# M6 + 18-150



## josephandrews222 (Feb 27, 2018)

...the best zoom to have is the (only?!) one you have with you!

Pretty versatile lens.


----------



## Deleted member 378664 (Feb 27, 2018)

Cool,

but isn't that fish a little bit too big for this bald sparrow eagle?

Frank


----------



## Don Haines (Feb 27, 2018)

That is one seriously stubborn eagle!


----------



## HaroldC3 (Feb 28, 2018)

That's a really nice crop and eye for spotting him!


----------



## jolyonralph (Mar 29, 2018)

Great shots. I actually really like the EF-M 18-150 lens.


----------



## AlanF (Mar 29, 2018)

Not nearly long enough, the eagle is far too small . Tamron 18-400? Actually, I've looked at two copies and regretted not buying the first which was very good whereas the second was average and hence poor at 400mm.

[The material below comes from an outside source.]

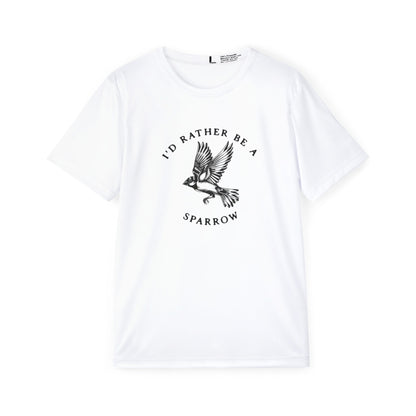 MENS SPARROW TEE WHITE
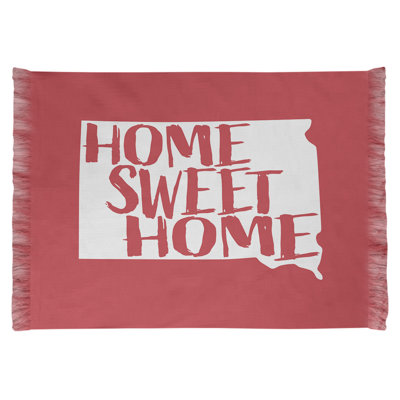 Tapis de zone rouge south south dakota home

(I hate emoticons, but if I don't use them occasionally some people don't realise I am joking and then start a fight.)


----------



## kelceyb (Mar 31, 2018)

Nice eye! I picked up the 18-150 used for ~$250 on ebay. Its nice to have in my bag but I find I don't usually keep it on camera when I'm out.


----------



## neuroanatomist (Mar 31, 2018)

kelceyb said:


> Nice eye! I picked up the 18-150 used for ~$250 on ebay. Its nice to have in my bag but I find I don't usually keep it on camera when I'm out.



I use the M11-22 more, but that lens plus the M6 and M18-150 are my current travel kit. Helps that they share the same filter size (although to be honest, I've not yet picked up a 55mm 10-stop ND, I just put my 82mm one in the outer pocket of the Mirrorless Mover 10, and handhold the filter in front of the lens).


----------



## KeithBreazeal (Apr 1, 2018)

neuroanatomist said:


> kelceyb said:
> 
> 
> > Nice eye! I picked up the 18-150 used for ~$250 on ebay. Its nice to have in my bag but I find I don't usually keep it on camera when I'm out.
> ...



The 11-22mm is one great lens and stays on the M5. Wide enough for some creative work.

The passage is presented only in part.